Store abstraction layer with ArrowStore (local, S3, GCS via Arrow
FileSystem), VSIStore (HTTP and fallback S3 via gdalraster),
ReferenceStore (Kerchunk JSON references), and VirtualiZarrStore
(Parquet manifest reference stores). Designed for future backends
(Icechunk) without changing the read pipeline.
Codec pipeline normalised across V2 and V3. V2's single compressor plus filters list is mapped to V3-style codec chains so the decode path is uniform.
Parse .zarray, .zgroup, and .zattrs metadata.
Consolidated metadata via .zmetadata — a single HTTP request retrieves
metadata for all arrays in a V2 store.
Numpy dtype string parsing (<f4, >i2, |u1, etc.) with endianness
detection.
_ARRAY_DIMENSIONS convention for dimension names (xarray compatibility).
dimension_separator handling (dot-separated and slash-separated chunk
keys).
fill_value coercion from JSON strings ("NaN", "Infinity") to R
numeric values.
sanitize_json() handles Python-flavoured JSON with bare NaN,
Infinity, and -Infinity values that are invalid in strict JSON.
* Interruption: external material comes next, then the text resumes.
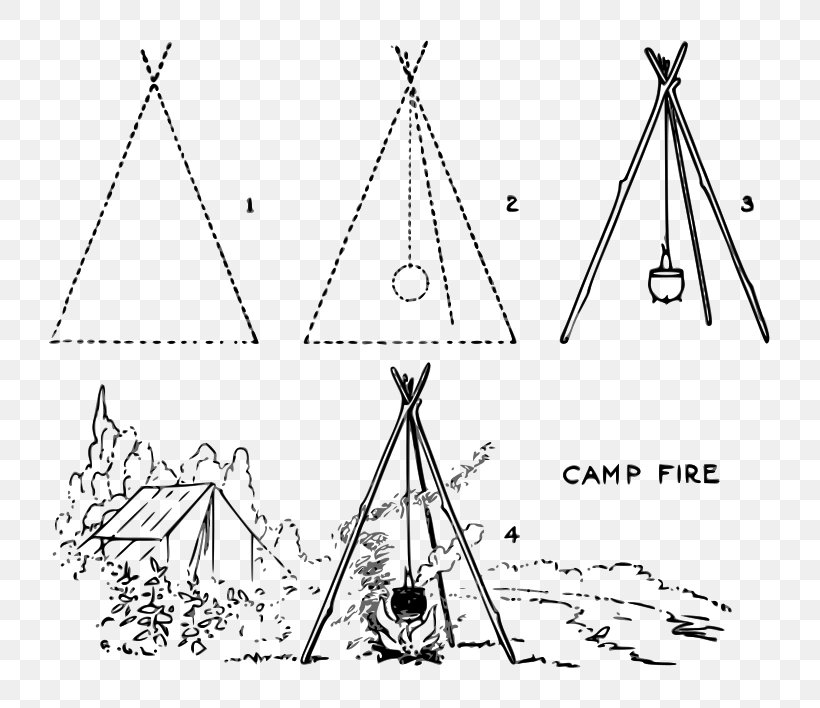 Campfire Camping Outdoor Cooking Clip Art, PNG, 800x708px, Campfire, Area, Backpacking, Black And White, Camping Download Free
Parse zarr.json metadata including codecs, dimension names, fill values,
and chunk grid configuration.
Consolidated V3 metadata (single zarr.json with embedded node metadata).
New VirtualiZarrStore backend for directory-layout Parquet reference
stores as produced by VirtualiZarr. These provide Zarr-style access to
existing archival files (NetCDF, HDF5, GRIB) without reformatting.
Metadata layer (.zmetadata) fetched via curl — GDAL-free.
Chunk manifests (refs.N.parq shards) loaded via arrow::read_parquet()
with lazy per-variable loading and environment-based caching.
C-order linearization maps chunk grid indices to manifest row positions for stores without explicit chunk key columns.
Inline data support via the raw column in manifests (used by coordinate
variables whose data is stored directly in the Parquet rather than as
byte-range references).
Byte-range reads into source files via byte_range_read() supporting
Arrow S3/GCS, gdalraster VSI, and curl for HTTP — the full chain is
GDAL-free when using curl.
URI scheme: virtualizarr://https://example.com/dataset.parq or
virtualizarr:///local/path/dataset.parq.
Tested against BRAN2023 ocean temperature (5479 time steps, 51 depth levels, 1500x3600 spatial grid, 104 manifest shards, NCI THREDDS byte-range serving).
S3 stores via Arrow S3FileSystem with automatic fallback to gdalraster
/vsis3/ on 301 region redirects.
Anonymous access propagation (anonymous = TRUE maps to
AWS_NO_SIGN_REQUEST for both Arrow and GDAL backends).
GCS stores via Arrow GcsFileSystem.
HTTP/HTTPS stores via gdalraster /vsicurl/.
Hyperslab reads with start/count indexing (0-based, following Zarr
convention).
Chunk coverage computation and assembly across chunk boundaries.
Blosc (lz4, zstd, zlib, snappy), gzip, and zstd decompression via Arrow codecs.
Safety coercion of output array type when fill value would otherwise produce a character array.
Verbose messaging throughout ([zaro] ...), on by default for
discoverability. Silence with verbose = FALSE or suppressMessages().
Reports store backend, metadata format detected, dtype/shape/chunks/codecs, dimension names, chunk counts during reads.
AODN cloud-optimised Zarr stores (S3, ap-southeast-2, Zarr V2,
blosc/lz4 compression, consolidated .zmetadata).
BRAN2023 ocean temperature via VirtualiZarr Parquet references (NCI THREDDS byte-range reads, shuffle+zlib compression, int16 with scale/offset packing).